First Useful Product. "First useful product" means the first product produced from the processing of solid waste in a solid waste disposal process that is useful for consumption in agricultural, consumer, commercial, governmental, or industrial operation or activity and that could be sold for such use, whether or not actually sold. A useful product includes both a product useful to an individual consumer as an ultimate end-use consumer product and a product useful to an industrial user as a material or input for processing in some stage of manufacturing or production process to produce a different end-use consumer product. The determination of whether a useful product has been produced may take into account operational constraints that affect the point in production when a useful product reasonably can be extracted or isolated and sold independently. The costs of extracting, isolating, storing, and transporting the product to a market may only be taken into account as operational constraints if the product is not to be used as part of an integrated manufacturing or industrial process in the same location in which the product is produced.
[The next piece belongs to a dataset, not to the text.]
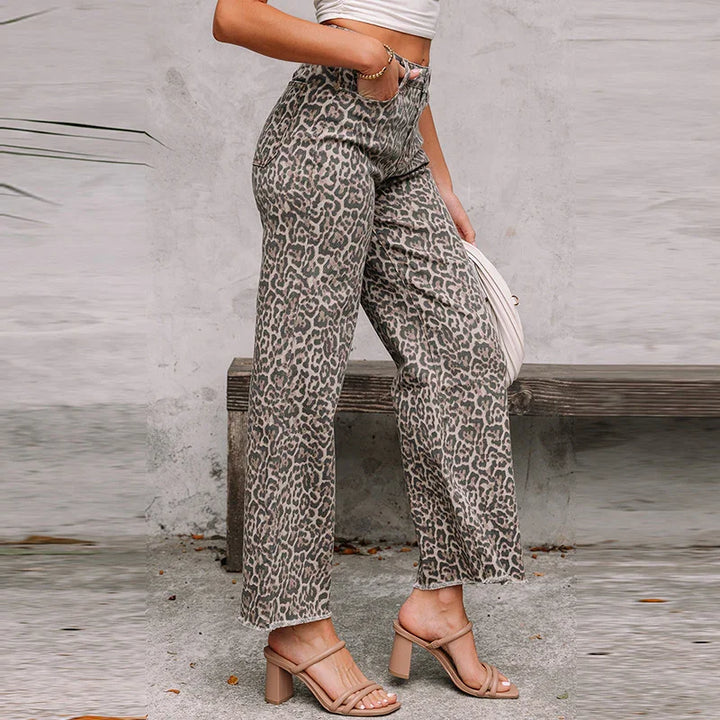 Woman wearing high-waisted leopard print pants and beige block heel sandals standing outdoors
Definition of Preliminary Function

A facility that performs a "preliminary function" is also a solid waste disposal facility. A preliminary function is a function to collect, separate, sort, store, treat, process, disassemble, or handle solid waste that is preliminary to and directly related to a qualified solid waste disposal process. The Final Regulations do not include a limitation contained in the 2009 Proposed Regulations that would have required more than 50% of the total materials resulting from the function be solid waste in each year that the bond issue was outstanding for a function to be treated as a preliminary function.

Mixed-Use Facilities

If a facility is used for both a qualified solid waste disposal function (including a qualified solid waste disposal process or a preliminary function) and another nonqualified function, then the costs of the mixed-use facility allocable to the qualified solid waste disposal function are determined using any reasonable method, based on all facts and circumstances. Facilities that are functionally related and subordinate to a qualified solid waste disposal function qualify only to the extent that they are functionally related and subordinate to the portion of the mixed-use facility that is used for one or more qualified solid waste disposal functions.

Mixed-Input Facilities

Mixed-input facilities are facilities that process both material that qualifies as solid waste and material that does not. The Final Regulations provide that qualifying costs of a mixed-input facility cannot exceed the average annual percentage11 of solid waste processed while the bond issue is outstanding. However, the Final Regulations continue to allow an entire mixed-input facility to be financed with tax-exempt bonds if at least 65% of the materials processed (either by weight or by volume) in the facility for each year that the bond issue is outstanding (beginning with the date the facility is placed in service) are solid waste. This 65% test must be satisfied in each year after the facility is actually operating at substantially design level. However, there is a three year curative period to address extraordinary events outside the control of the operator (such as natural disasters, strikes, major utility disruptions, or governmental interventions).

 

For further information or for assistance in determining whether your facility can be financed with solid waste disposal facility bonds, please contact Lorraine Tyson at 312-768-7820 (ltyson@pjjlaw.com) or Glenn Weinstein at 312-768-7850 (gweinstein@pjjlaw.com).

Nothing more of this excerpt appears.